Dennis Sullivan
Chicago Tribune
NEW BOSTON, Texas — A correctional officer who survived a Streator house explosion last fall was beaten to death by an inmate in Texas last week, authorities said.
Timothy Davison, 47, was beaten to death Wednesday while escorting an inmate back to his cell in New Boston, Texas, where he had been a correctional officer since December.
Davison was remembered Monday as “a great father” to his two children. “His whole life centered around his kids,” said Davison’s sister-in-law, Sue Davison. Timothy Davison’s daughters, ages 17 and 9, live with their mother in Chicago’s south suburbs, the sister-in-law said.
A non-denominational memorial service Saturday at First Baptist Church in New Boston is expected to attract hundreds of law enforcement and correctional officers. Sue Davison, who is married to Timothy Davison’s brother Rich, said a service is being planned at a Chicago-area Catholic cemetery.
Timothy Davison, the youngest of five siblings, left Illinois last fall after an explosion ripped through the home he shared with his mother in Streator, about 90 miles southwest of Chicago.
First responders to the Sept. 1 explosion were able to rescue Davison, but 82-year-old Ethel Davison was killed. “I loved her very much. I’m going to miss her,” Timothy Davison told WGN-TV at the time. The son tried to reach his mother, but he was turned back by intense flames and debris, he told WGN.
“He felt guilty,” Sue Davison recalled. “He thought he should have been able to save her.”
News reports at the time did not indicate a cause of the blast, which shook several homes in the neighborhood.

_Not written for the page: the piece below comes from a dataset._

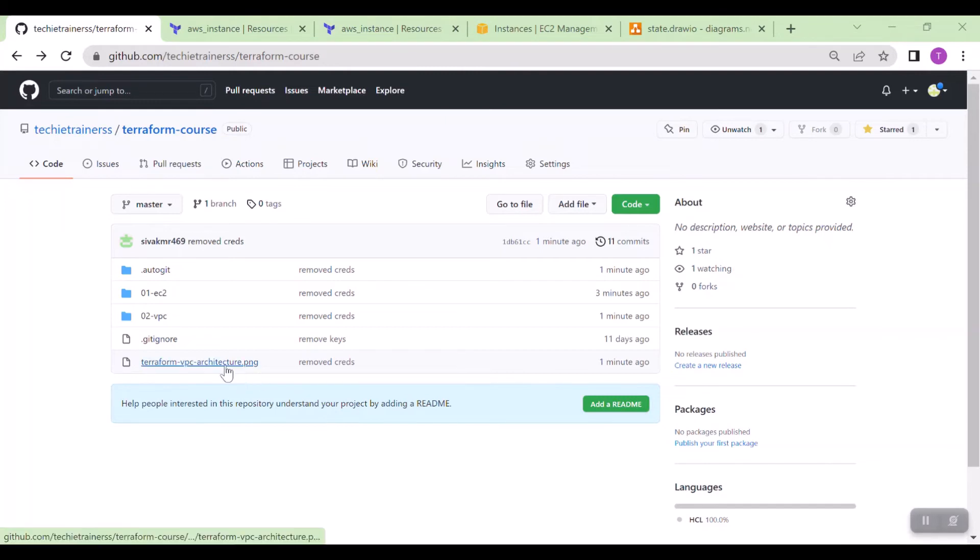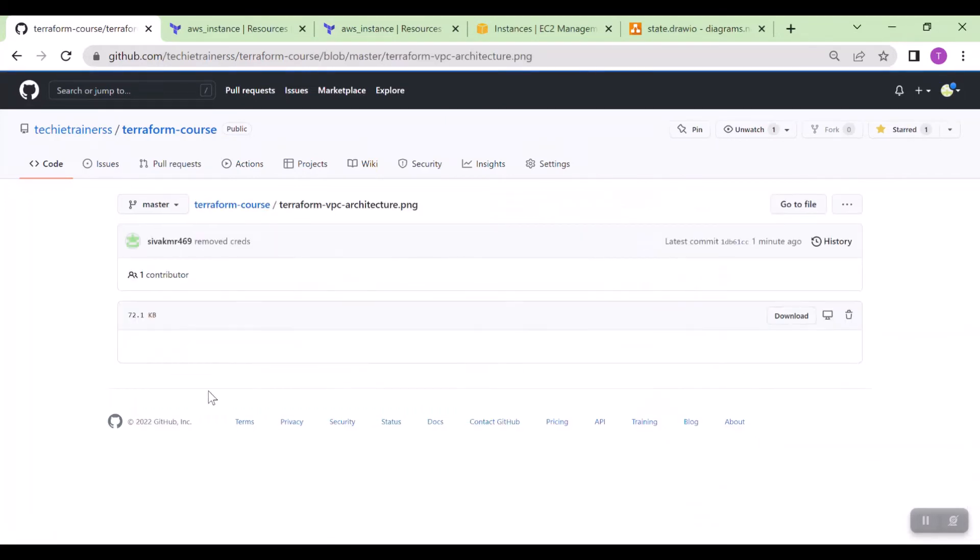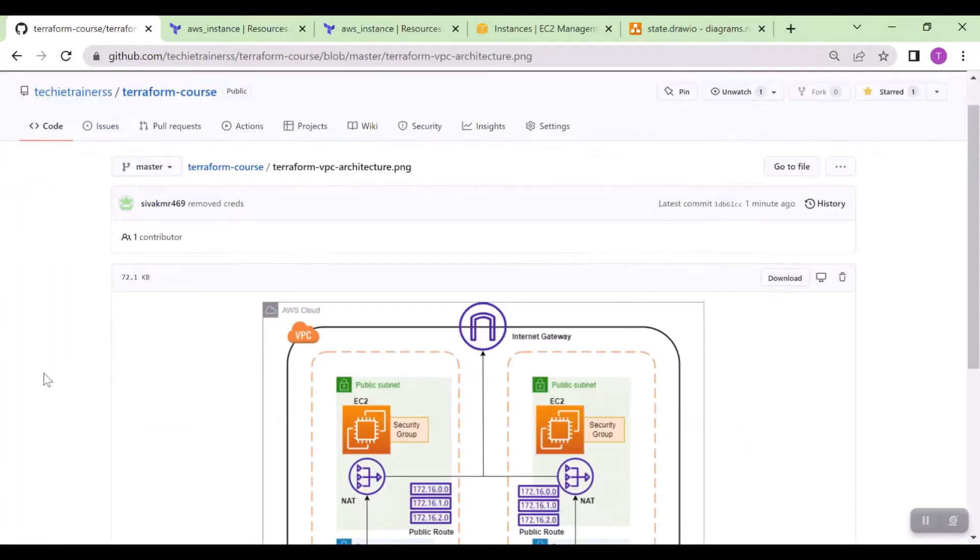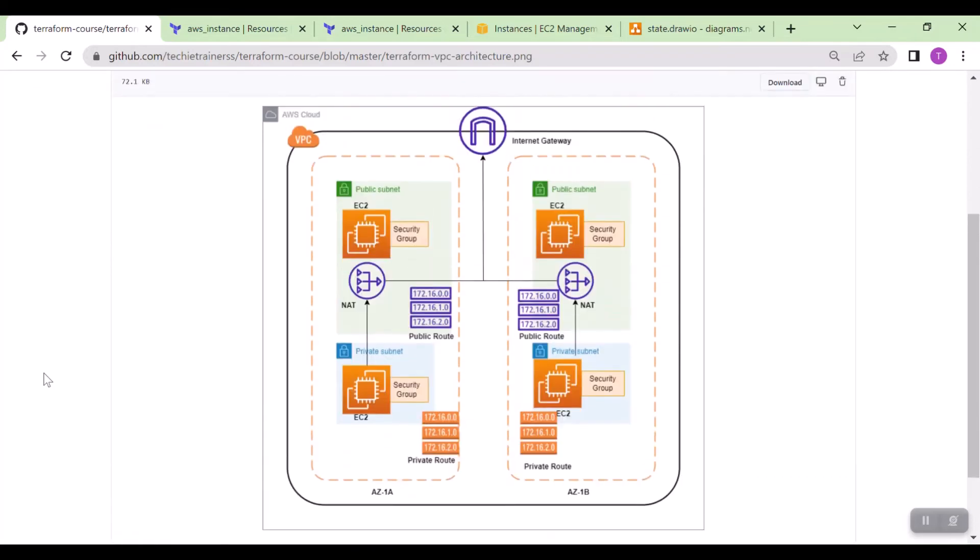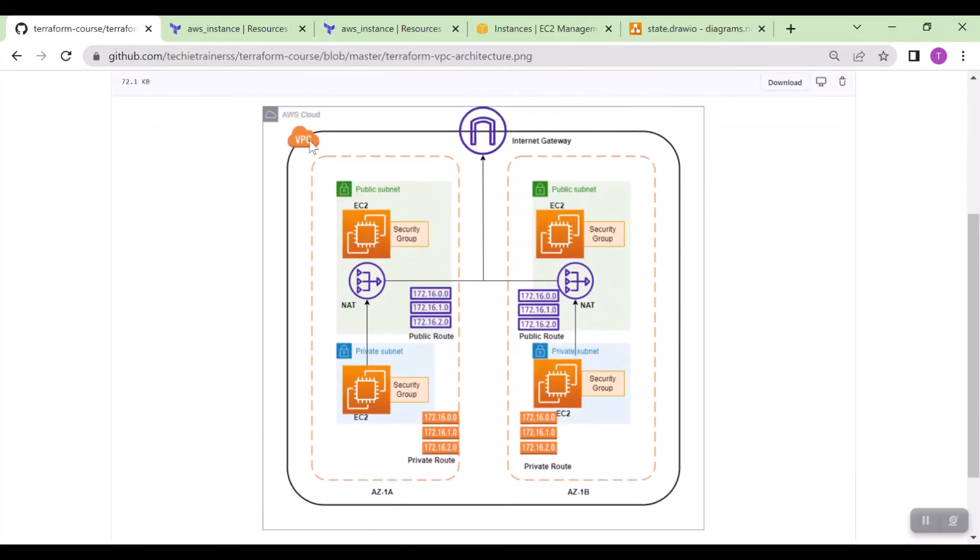This is the architecture diagram we discussed just now. Here we are going to create one VPC in Mumbai region. You can create VPC whatever is near to you and we will create one internet gateway. We will attach the internet gateway with VPC and we will have two availability zones.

Sue Davison said Timothy Davison decided to try working at the Texas prison where his brother Ken Davison was teaching heating, ventilation and air conditioning.
Timothy Davison initially planned to similarly put his HVAC degree from the College of DuPage to use at the prison, but “I guess the correctional officer position opened up,” she said.
Texas Department of Criminal Justice spokesman Robert Hurst said Davison on Wednesday was escorting Billy Joel Tracy, 37, who “was restrained from behind.” Hurst said another correctional officer was in the area at the time, as required by policy, when the incident took place.
Deputy Criminal Chief Assistant U.S. Attorney Rick Calvert, who in his previous role as a Potter County district attorney prosecuted Tracy, characterized Tracy as “the most violent and dangerous defendant I have ever prosecuted, and I’ve prosecuted thousands of defendants -- literally.”
Calvert, based in the federal agency’s Dallas office, said Tracy “routinely assaulted guards” in jail and had openly stated he would kill a guard if he got the chance.
Tracy has several criminal convictions and is serving a life sentence for aggravated assault and burglary. Tracy broke “every bone” in the face of a 16-year-old girl he had abducted and then attacked a suburban Dallas police officer who came upon them, Calvert said.
“Officer Davison was a public servant in the truest sense of the phrase, but more importantly, he was a parent to two children who will remain in our thoughts and prayers as they grieve the loss of their father,” Texas Gov. Greg Abbott said in a statement last week.